4) Motorist education is an administrative issue reserved for DPS. Under sworn testimony in court, TPD does NOT put APO's in ACTUAL physical control of bicycles during the Academy. At NO other times in their careers are they provided bicycle training unless they are in the bike patrol, or they have to testify against Santa in court. So, Tulsa Municipal Court allows lay witnesses to testify in bicycle cases.

5) Finding which roadways with wide outside lanes a DAUNTING task? Why don't you simply ride on the major Tulsa streets, i.e. Memorial, Riverside, Sheridan, etc.? Hint: There's a nice stretch from 21st to the BA on Harvard with wide outside lane. Very nice. But, EVERYWHERE Santa rolls, Memorial, Riverside, the BA, there's a nice wide 12 foot AASHTO standard BIKE lane. Wat up wit DAT?

With folks like LAB, does Tulsa REALLY need to be any bike-FRIENDLIER?

12:33 PM  
Blogger Paul Tay said...

Upon an in-depth review of the LAB BF app, it is set up for FAILURE, using the build-it-and-they'll-come mentality. Special bike lanes, designed by traditional traffic engineering don't encourage MORE biking. High gas prices do.

All Santa ask is TPD put ALL their new APO's in ACTUAL physical control of bicycles for a week on Memorial. And, watch the motorists CRIMINALLY speeding to SLOW down. And, no, guys, they won't nail your six. If it was THAT dangerous, they would have nailed Santa and X-Mas would have ENDED a LONG time ago.

Most of the current beat cops are fairly understanding, except for a few who delight in showing up in court on their days OFF to bust Santa. Goooooooooo, TPD Santa Task Force!

12:48 PM  
Blogger Apertome said...

It sounds to me like Tulsa is doing pretty well, but these comments seem constructive. Sometimes it's better to "fail" because it's easier to convince someone action is necessary when you didn't pass the test. If you pass the test, they can argue things are good enough!
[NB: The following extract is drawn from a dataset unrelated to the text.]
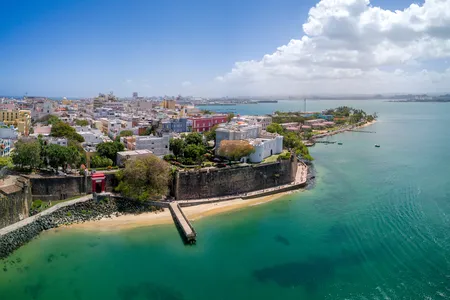 An aerial view of San Juan, Puerto Rico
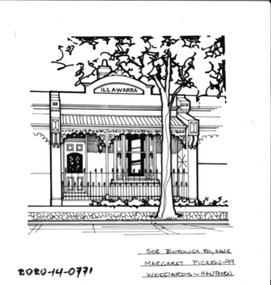 Drawing - Property Illustration, 508 Tooronga Road, Hawthorn East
I didn't understand a thing Paul Tay just said.

3:07 PM  
Blogger Aric Thorpe, MHR said...

I wish there were places in town where people could safely park their bikes. I would like to ride my bike to the mall at 41st and Yale but theft is just too high to leave it chained to a bike rack. I think there is a market for secure bike garages / cages in Tulsa. I would pay to know that my bike is secure. Isn't there something that Tulsa can do to encourage this much healthier mode of transportation?

4:45 PM  
Blogger Ed W said...

Aric, last fall there was some talk of a pilot project installing bike lockers in downtown parking garages. If I hear anything more about it, I'll certainly post it.

As for 41st and Yale, perhaps you could use an old 'beater' bike as an errand-runner. I used a cheap track bike as a commuter for a long time, either removing the front wheel or locking it into the u-lock with the frame and back wheel. Come to think of it, this could be a good time to write about making a bike more theft resistant.